Appellants contend that their only connection to the nursing home was through this agreement and that they supplied financial support services for the manager, Age Institute of Florida, Inc. However, Patterson never signed the agreement and he does not appear to be a third party beneficiary of the agreement. Further, appellants assert that Patterson was not an intended third party beneficiary.[2] As a third party beneficiary, Patterson could be bound by the agreement, including the arbitration provision, and he could potentially sue for breach of the agreement.[3]
Although Patterson's lack of third party beneficiary status could theoretically limit his ability to sue for a breach of the agreement, in this case the suit alleges violation of statutory duties under Chapter 400 and negligence not a breach of the consulting contract.

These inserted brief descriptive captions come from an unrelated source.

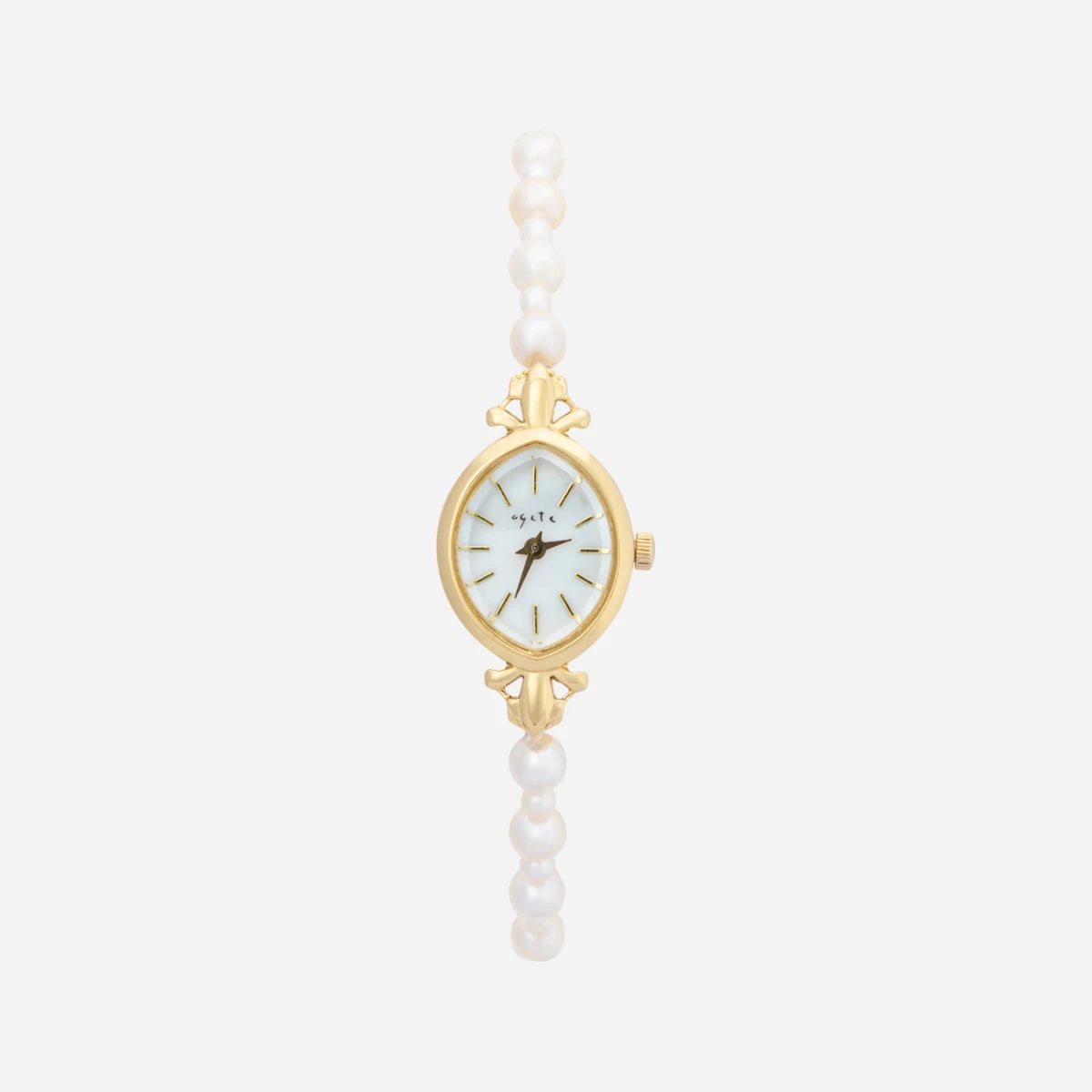 Sara™ | Humir - | Benedita Lisboa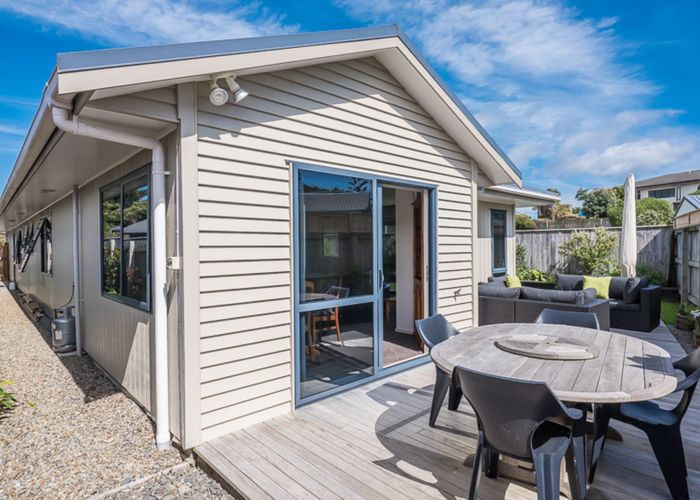  at 193B Tutere Street, Waikanae Beach, Waikanae
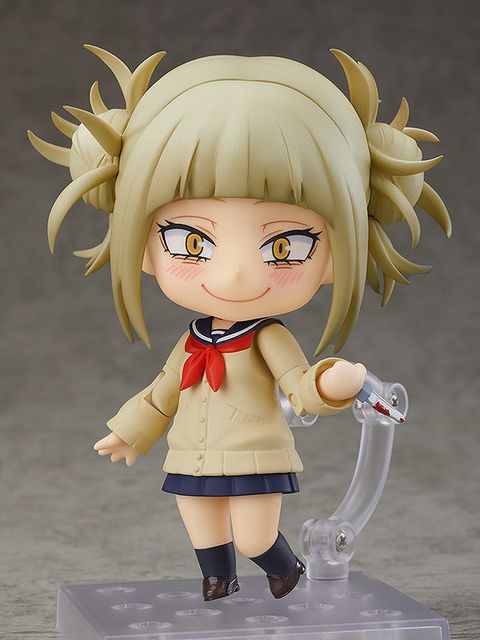 Nendoroid Himiko Toga.jpg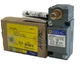 NEW SQUARE D 9007-C62B2 LIMIT SWITCH SER. A 9007C62B2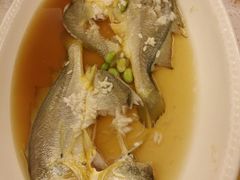 -宏玲餐厅(四川南路店)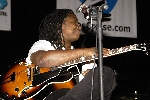 Click to see DSC_8873.JPG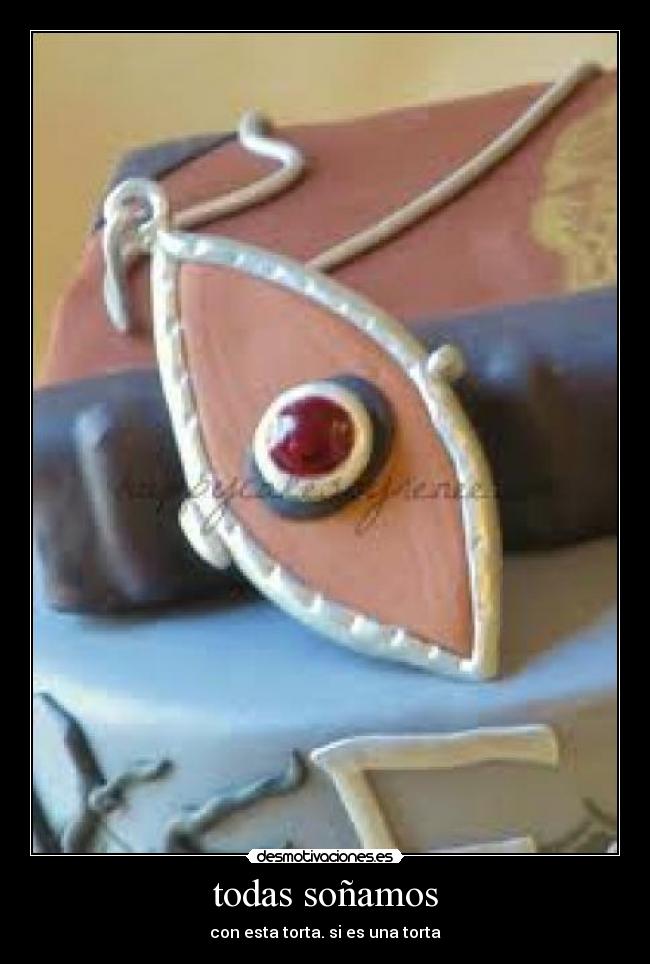 todas soñamos -
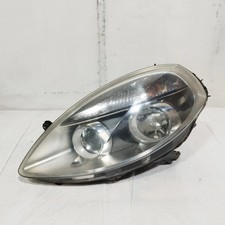 Fanale faro proiettore - /,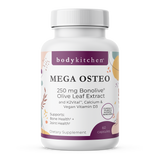 Mega Osteo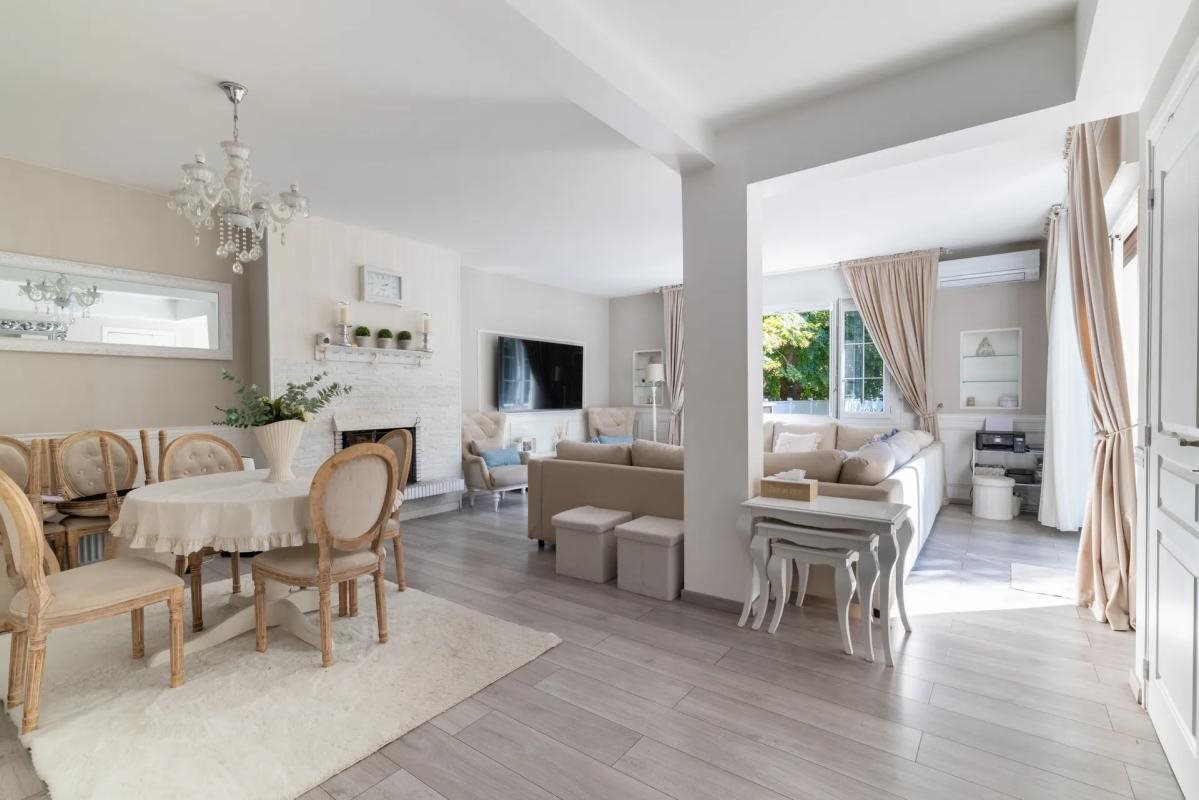 Maison à vendre, 190m², Montfermeil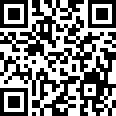 QRコード https://mirunuku.net/amateur/?cid=sj006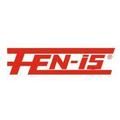 FEN-IS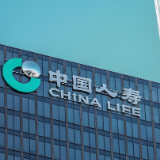 中国人寿ESG走向纵深 一家金融央企如何连接国家战略与民生需求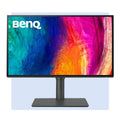 Monitors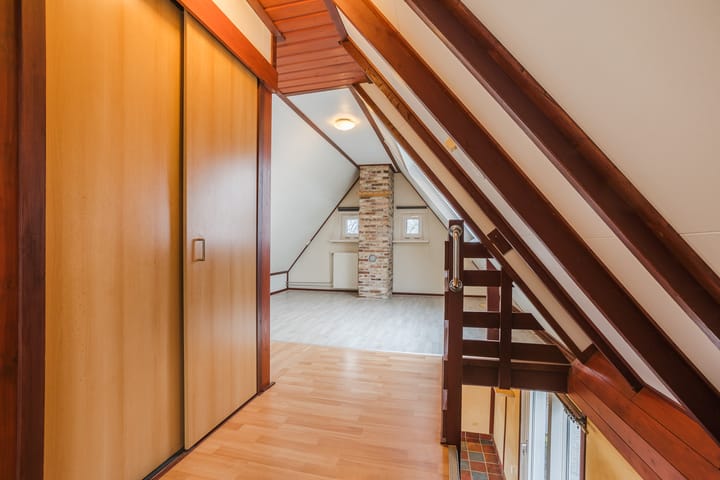 Foto 19 van Brongersmaweg 1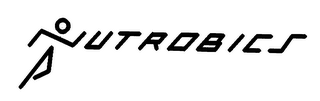 NUTROBICS logo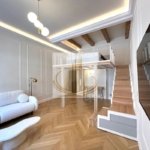 Ap Exclusivist cu supantă | 45mp | Lift | Ultracentral-Piața Victoriei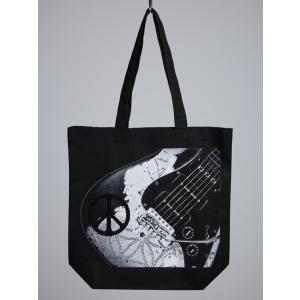 SALE20%OFF/THE ONENESS・ザワンネス/Organic Cotton Canvas...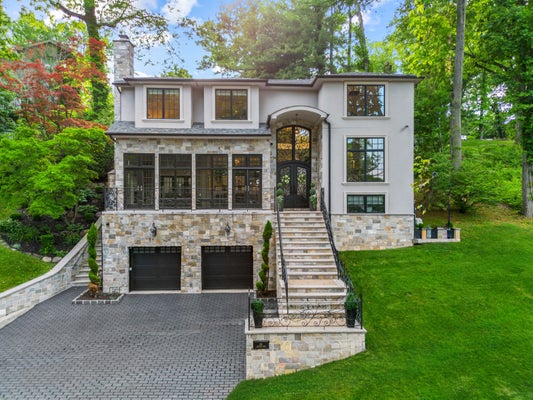 44 ANNFIELD CT, STATEN ISLAND, NY 10304 - Image a72d6dc6d806ee39fdfeeb85cb6f4656/3178446287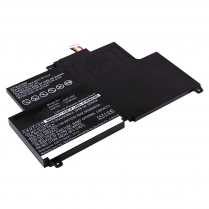 LB-TLVS230   Replacement Laptop Battery for Lenovo ThinkPad S230u - 45N1092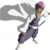 :iconglaplayer627: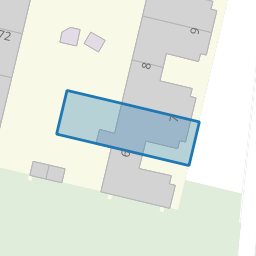 Perceel VHZ01-A-4398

Since Patterson never signed and is not a third party beneficiary of the agreement, the trial court properly denied appellants' motion to compel arbitration. See Technical Aid Corp. v. Tomaso, 814 So. 2d 1259 *991 (Fla. 5th DCA 2002) (defendant was not entitled to invoke right to proceed to arbitration in an agreement between plaintiff and another defendant where defendant was neither a signatory to the agreement nor an intended third party beneficiary of the contract); Morgan Stanley DW, Inc. v. Halliday, 873 So. 2d 400 (Fla. 4th DCA 2004) (in lawsuit by beneficiary or trust against trustees and brokerage firm, beneficiary was not bound by arbitration clause in customer account agreement between trustees and brokerage firm under third party beneficiary theory).
AFFIRMED.
GRIFFIN and THOMPSON, JJ., concur.
[1] This court has jurisdiction pursuant to Florida Rule of Appellate Procedure 9.130(a)(3)(C)(iv) (authorizing appeals from non-final orders which determine a party's entitlement to arbitration). The standard of review is de novo. Orkin Exterminating Co. v. Petsch, 872 So. 2d 259 (Fla. 2d DCA), rev. denied, 884 So. 2d 23 (Fla.2004); Stacy David, Inc. v. Consuegra, 845 So. 2d 303 (Fla. 2d DCA 2003).
[2] In their motion to compel arbitration, appellants stated "The Extendicare/Partners Defendants assert that Mr. Patterson was not a third party beneficiary of the subject contract." (emphasis in original)
[3] Hirshenson v. Spaccio, 800 So. 2d 670 (Fla. 5th DCA 2001); Liberty Communications, Inc. v. MCI Telecommunications Corp., 733 So. 2d 571 (Fla. 5th DCA 1999); Terminix Int'l Co. LP v. Ponzio, 693 So. 2d 104 (Fla. 5th DCA 1997).